Image-text web data:
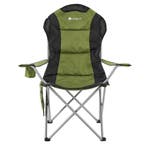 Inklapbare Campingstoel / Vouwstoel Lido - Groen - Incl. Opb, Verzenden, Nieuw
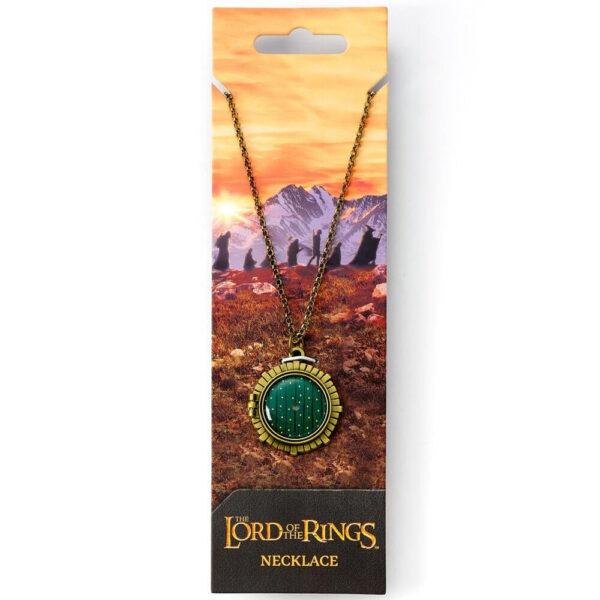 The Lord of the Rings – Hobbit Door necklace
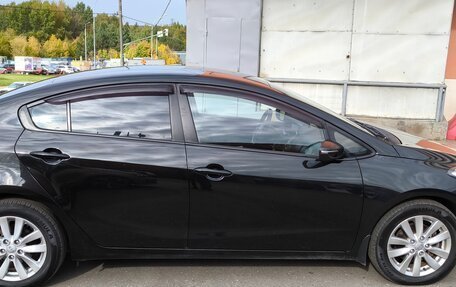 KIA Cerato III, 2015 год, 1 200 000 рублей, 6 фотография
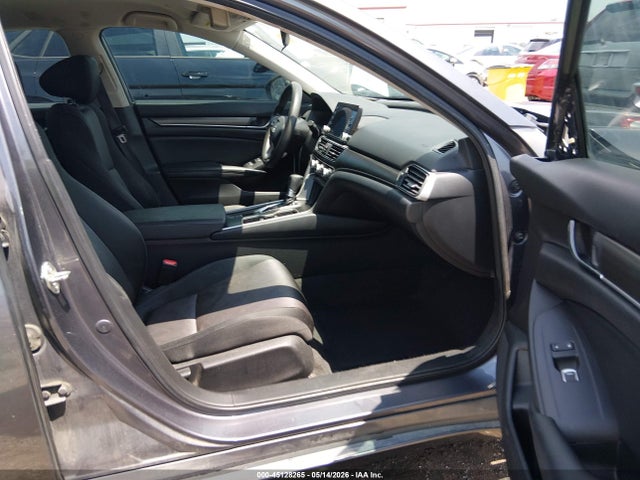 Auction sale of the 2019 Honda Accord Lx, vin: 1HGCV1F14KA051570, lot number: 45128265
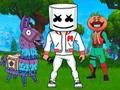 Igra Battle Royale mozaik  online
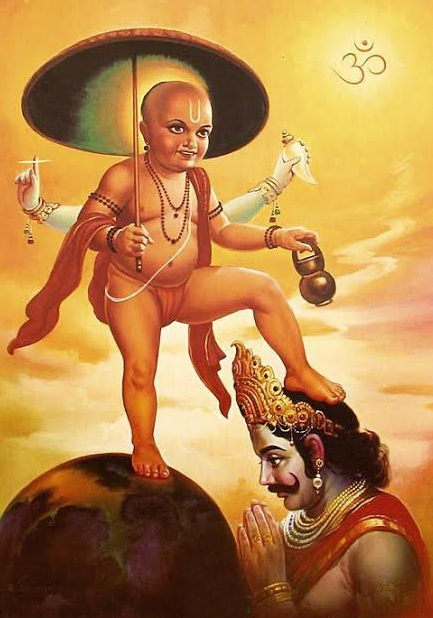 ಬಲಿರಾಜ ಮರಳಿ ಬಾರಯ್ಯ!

(TASK OBJECTIVE): The records above are to be reproduced exactly; the pictures are to be left out.

(RESULT FOR THIS TASK):
 Inklapbare Campingstoel / Vouwstoel Lido - Groen - Incl. Opb, Verzenden, Nieuw
 The Lord of the Rings – Hobbit Door necklace
 KIA Cerato III, 2015 год, 1 200 000 рублей, 6 фотография
 Auction sale of the 2019 Honda Accord Lx, vin: 1HGCV1F14KA051570, lot number: 45128265
 Igra Battle Royale mozaik  online
 ಬಲಿರಾಜ ಮರಳಿ ಬಾರಯ್ಯ!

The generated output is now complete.